DATASET CONTENT
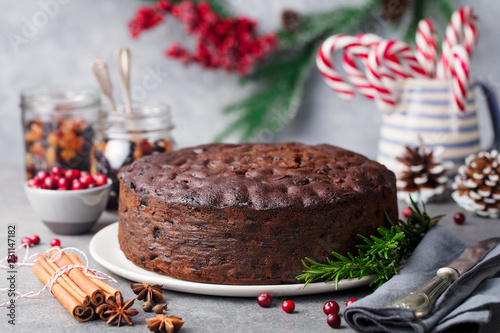 Christmas fruit cake, pudding on white plate. Copy space. Close up.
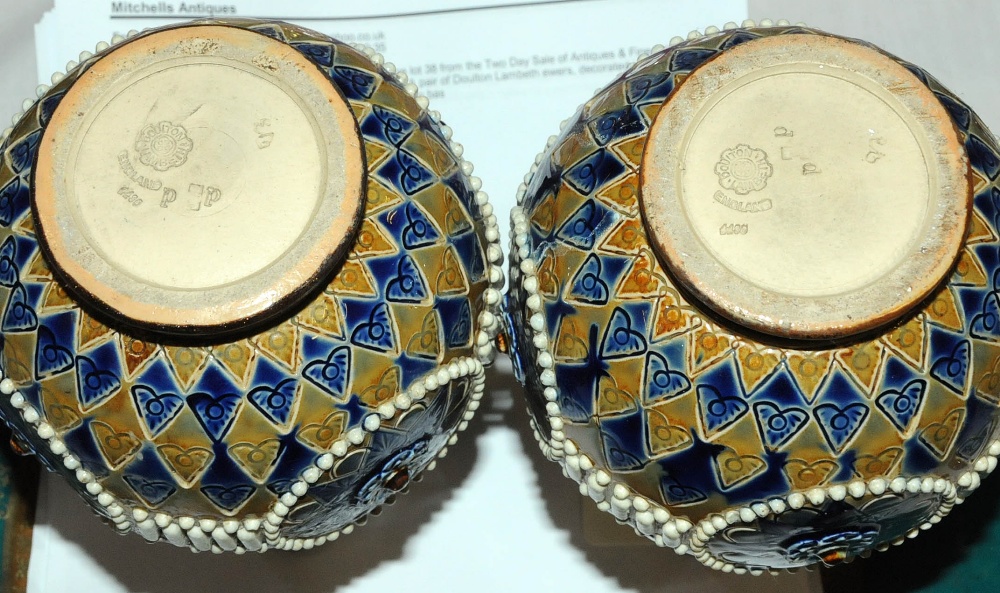 A pair of Doulton Lambeth ewers, decorated in typical colours with impressed marks to base. - Image 2 of 2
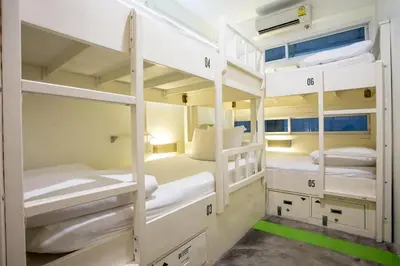 a room with three bunk beds with white bunkresses at Qilombo Hostel Silom in Bangkok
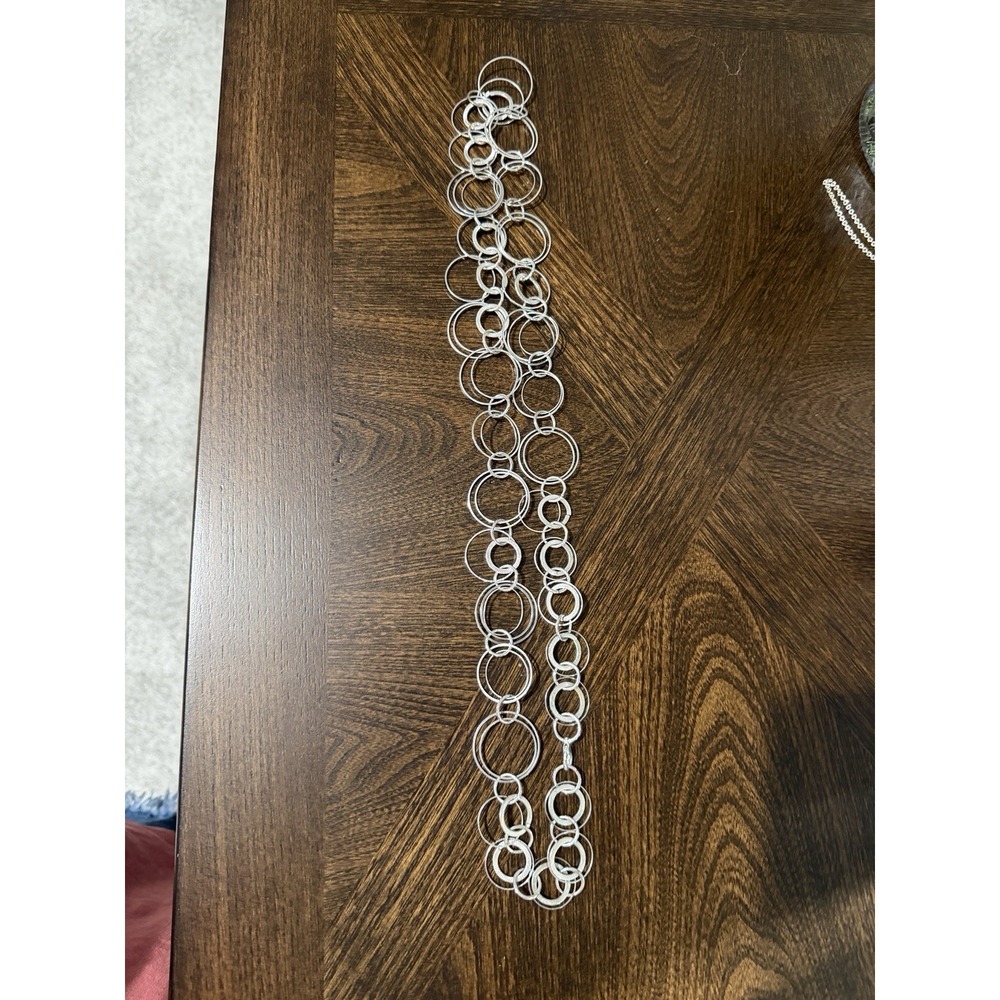 silver-tone chain link necklace made of interlocking circles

INSTRUCTIONS TO FOLLOW
Would you return the data exactly as written, without the pictures?

OUTPUT OF THE TASK
 Christmas fruit cake, pudding on white plate. Copy space. Close up.
 A pair of Doulton Lambeth ewers, decorated in typical colours with impressed marks to base. - Image 2 of 2
 a room with three bunk beds with white bunkresses at Qilombo Hostel Silom in Bangkok
 silver-tone chain link necklace made of interlocking circles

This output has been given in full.